Am 19.04.10 18:04, schrieb Anna Mosler:

>> Wie lagert ihr "Überschüsse?

> Auf einem separaten Haufen. Im Idealfall habe ich drei Haufen auf einer
> runden Fläche: den gesiebten, den umgesetzten mit dem Material von
> vorigen Jahr (auf dem wächst dann ein Zierkürbis) und den, auf den
> laufend Material kommt.

So auch hier: den reifen Kompost, den ich heute gesiebt habe, dann den
vom letzten Jahr, der eben umgesetzt wurde, den frischen (das Silo ist
aber noch leer ;) ) sowie den aus dem Thermokomposter (auch jetzt gesiebt).

> Doch was meinst du mit "optimal verrottet"? Das wäre wohl so, dass man
> den Kompost gar nicht mehr zu sieben brauchte? Wenn du aber etwas
> gröberes Material, kleine Ästchen z.B., zur Belüftung mit auf den Haufen
> gibst, dann sind die nach 2 Jahren sind ganz weg.
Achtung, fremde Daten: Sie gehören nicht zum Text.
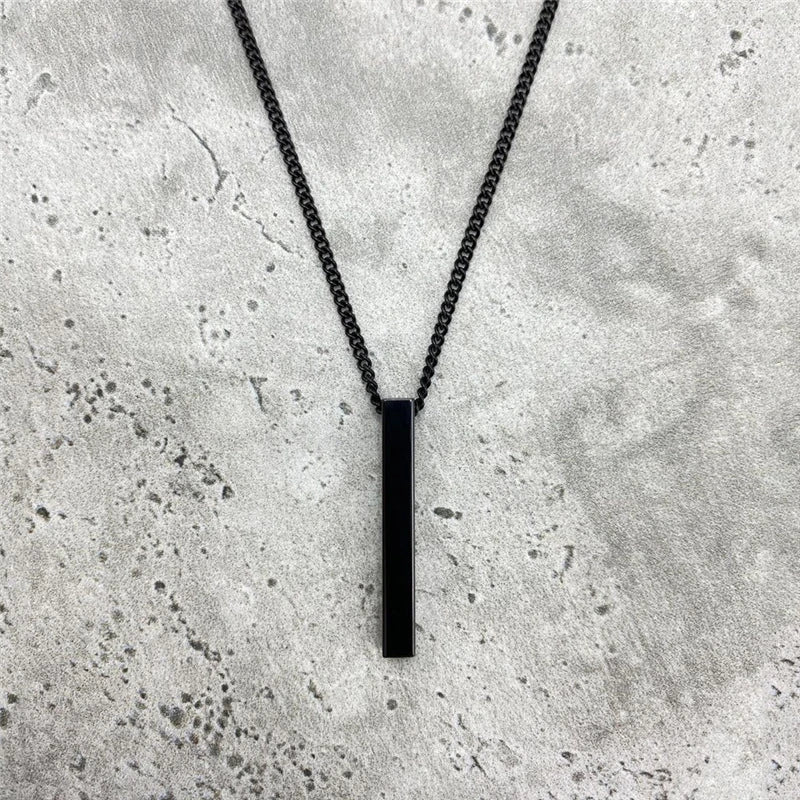 Rectangle Pendant Necklace Men Stainless Steel Cuban Chain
Nein, die Ästchen meine ich nicht, die verwende ich weiter. Aber alles
andere ist wirklich feine, gut riechende Erde. Im Thermokomposter
dagegen ist die Erde faserig, teilweise wie schlecht verrotteter Stallmist.

Mir ging es darum, ob ich den Thermokomposter als Art Aufbewahrungsbox
für den gesiebten Kompost benutzen kann. Ich habe irgendwo gelesen,
dass, wenn der ungeschützt liegt, Regen den "auswaschen" könnte.

Gruß
Matten

Horst Felder

unread,
Apr 19, 2010, 4:14:22 PM4/19/10
to
Hallo Matthias!

Matthias Klodt <Matthi...@gmx.de> schrieb:


> Ich habe irgendwo gelesen, dass, wenn der ungeschützt liegt,
> Regen den "auswaschen" könnte.

Kompostschutzvlies?
http://www.pferdemistkompost.de/equihum/Kompostvlies_TOPTEX/kompostvlies_toptex.html

> Gruß
> Matten

--
Mit freundlichen Grüßen | GNU/Linux - damit ich auch
Horst Felder | morgen noch vernünftig
www.flohheim.de | arbeiten kann!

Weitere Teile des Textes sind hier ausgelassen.